Incoming housing minister reportedly split Jerusalem apartment into 5 without permit

Newspaper says United Torah Judaism’s Yitzchak Goldknopf is still registered as having some property rights at building in capital, though he claims to have transferred ownership

United Torah Judaism chairman MK Rabbi Yitzchak Goldknopf in the Knesset, in Jerusalem, on December 13, 2022. (Yonatan Sindel/Flash90)
United Torah Judaism chairman MK Rabbi Yitzchak Goldknopf in the Knesset, in Jerusalem, on December 13, 2022. (Yonatan Sindel/Flash90)

United Torah Judaism party leader Yitzchak Goldknopf, who is expected to take up the position of housing minister in the incoming coalition, owns a property in Jerusalem that was divided into five separate apartments without the required permit, according to Wednesday reports.

Goldknopf responded by denying he still has rights to the property and blamed bureaucratic errors for indicating he still owns it, but did not provide paperwork to show it had been transferred to anyone else.

The UTJ chief, whose ultra-Orthodox faction is part of the right-religious bloc led by prime minister-designate Benjamin Netanyahu, is in the real estate business and reportedly owns several properties in the capital.

These are said to include an apartment in a building on Avraham Talmodi Street in Jerusalem’s Bukharim neighborhood. According to the Haaretz daily, records show Goldknopf bought the apartment in 2013 for NIS 2.6 million ($750,000) and the account for municipal property taxes is still listed in the name of his wife, Rivka.

However, the newspaper said the 135-square-meter home — which has two floors and an attic area — has since been split into five separate apartments, each with its own front door, all located within the original premises. Municipal property tax bills for the original apartment are regularly paid and the lawmaker’s name also reportedly shows up in other documents stating his property rights.

The report said said that no request was submitted to municipal authorities to divide the apartment into smaller units. Though records show there was some municipal enforcement — which the daily did not specify — carried out in the building, it was not against Goldknopf.

Dividing an apartment into smaller units without a proper permit is a property offense.

Likud party chairman Benjamin Netanyahu, right, shakes hands with United Torah Judaism party leader Yitzchak Goldknopf in the Knesset plenum on November 21, 2022. (Yonatan Sindel/Flash90)

A statement on the UTJ leader’s behalf to Haaretz said the property “is not registered in Rabbi Goldknopf’s name” and that his rights to the property were “transferred and duly reported.”

The statement claimed that “for technical and record reasons” his name has not been removed from the registry, without elaborating.

It said this likely caused an “oversight” by Haaretz and called the newspaper’s accusation that Goldknopf had committed a property offense “troublesome.”
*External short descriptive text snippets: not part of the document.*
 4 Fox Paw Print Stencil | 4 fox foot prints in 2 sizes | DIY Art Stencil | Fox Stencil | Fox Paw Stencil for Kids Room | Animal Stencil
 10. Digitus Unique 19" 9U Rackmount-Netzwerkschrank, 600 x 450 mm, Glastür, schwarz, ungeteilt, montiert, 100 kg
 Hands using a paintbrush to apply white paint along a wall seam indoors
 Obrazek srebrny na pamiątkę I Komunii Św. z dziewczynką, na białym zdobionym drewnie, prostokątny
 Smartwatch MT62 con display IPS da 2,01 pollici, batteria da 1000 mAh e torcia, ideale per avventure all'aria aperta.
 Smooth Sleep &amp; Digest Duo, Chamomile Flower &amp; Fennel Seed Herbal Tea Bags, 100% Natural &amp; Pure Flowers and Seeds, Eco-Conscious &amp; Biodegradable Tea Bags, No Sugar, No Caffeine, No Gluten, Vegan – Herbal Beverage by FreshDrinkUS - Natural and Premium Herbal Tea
The paper said it asked to see documents showing that rights to the apartment were transferred to someone else and that it wasn’t Goldknopf who divided up the site, but no such paperwork was provided.
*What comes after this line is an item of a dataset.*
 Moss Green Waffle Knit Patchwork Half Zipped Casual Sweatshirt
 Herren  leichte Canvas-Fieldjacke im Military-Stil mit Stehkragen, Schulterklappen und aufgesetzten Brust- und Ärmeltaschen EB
After again being contacted for response, Goldknopf sent a letter via a lawyer warning of legal action.

The letter stressed the apartment in question “is not owned by our client at all” and said the Goldknopfs moved out in 2021.

“Since then he has not lived in the apartment and transferred his rights in it a long time ago, shortly after his departure,” the letter said, asserting the transfer was reported to tax authorities as required.
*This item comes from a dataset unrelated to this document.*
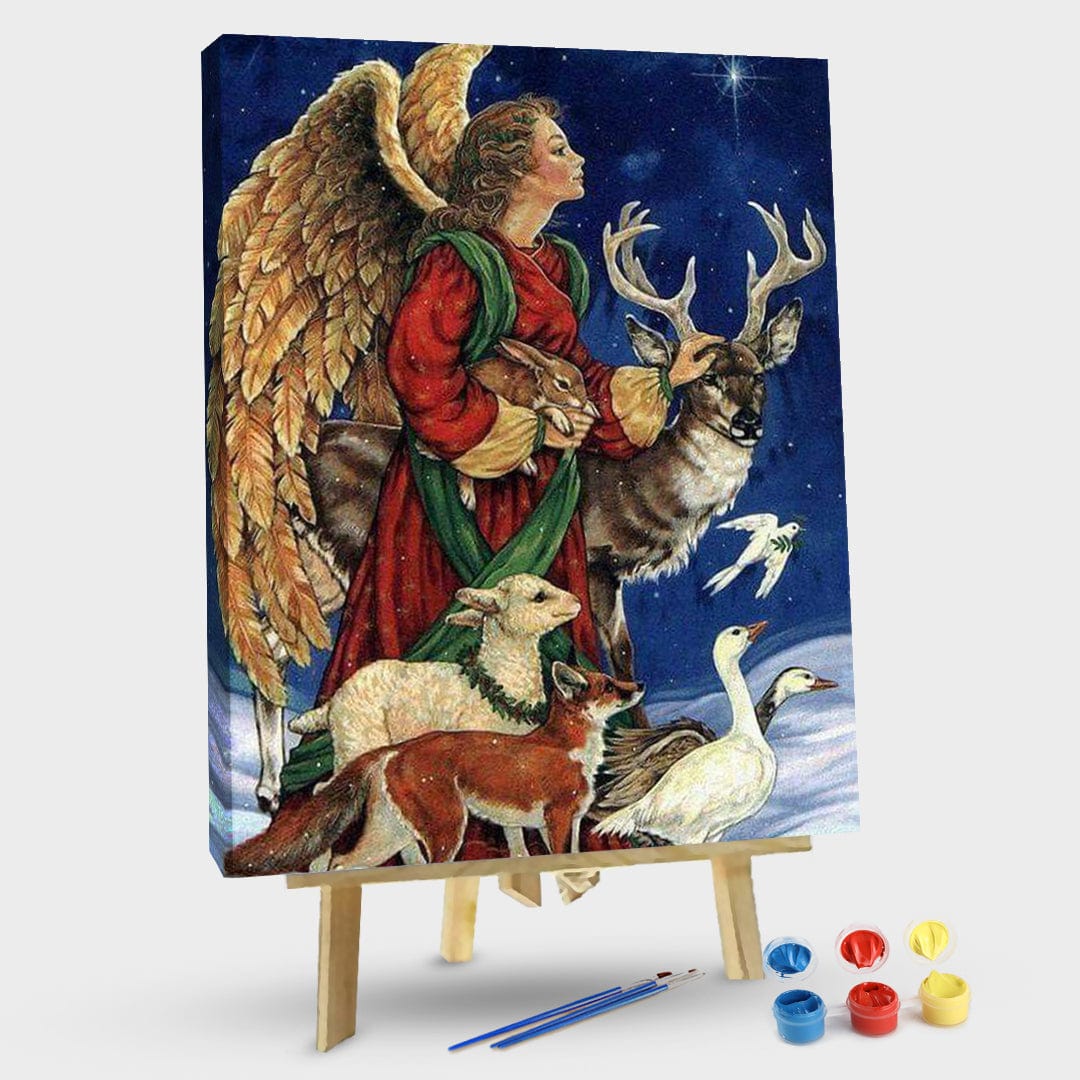 paintingnumberart Angel and deer-Paint By Numbers Kit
“It should be emphasized that during all the times that the apartment was under the control of Rabbi Goldknopf there was no division in it. If and as much as a split was made in the apartment, then it was made afterward,” it added.

Concerning the payment of municipal property tax, the letter said a standing order had been set up to pay the amounts that “continued inadvertently even after the rights were transferred” and “our client gives thanks for drawing his attention to this matter.”

The letter also said that the registration of all the properties in the building was “not regulated, to say the least, and it is possible that because of this, factual errors” were made. The complex “is in the process of regularizing the registration,” it said.

A separate report by Channel 12 news cited people who rent apartments owned by Goldknopf as saying that he is not identified as the owner and that they signed contracts with someone else. An unnamed source told the network that a request for a receipt of rental payments was ignored.

Illustrative: An apartment building undergoing renovations, on October 24, 2018. (Meir Vaaknin/Flash90)

Goldknopf currently lives in another apartment close to the capital’s Mea Shearim neighborhood. He also owns almost all of an entire building on Malachi street, the television report said.

According to the network, Goldknopf’s alleged arrangements for signing contracts with renters and collection of rental fees could raise questions about how much tax he is paying on the dealings.

Earlier this month, Goldknopf suggested that he does not see any housing crisis in the country.

“People are always talking to me about a housing crisis — I don’t know much about the Housing Ministry until now, so I don’t know if there really is a crisis,” Goldknopf said at a conference organized by the Walla news site.

Figures released last week by the Central Bureau of Statistics showed housing prices in October were up 20.3 percent compared to a year earlier, the largest year-on-year increase in recent memory.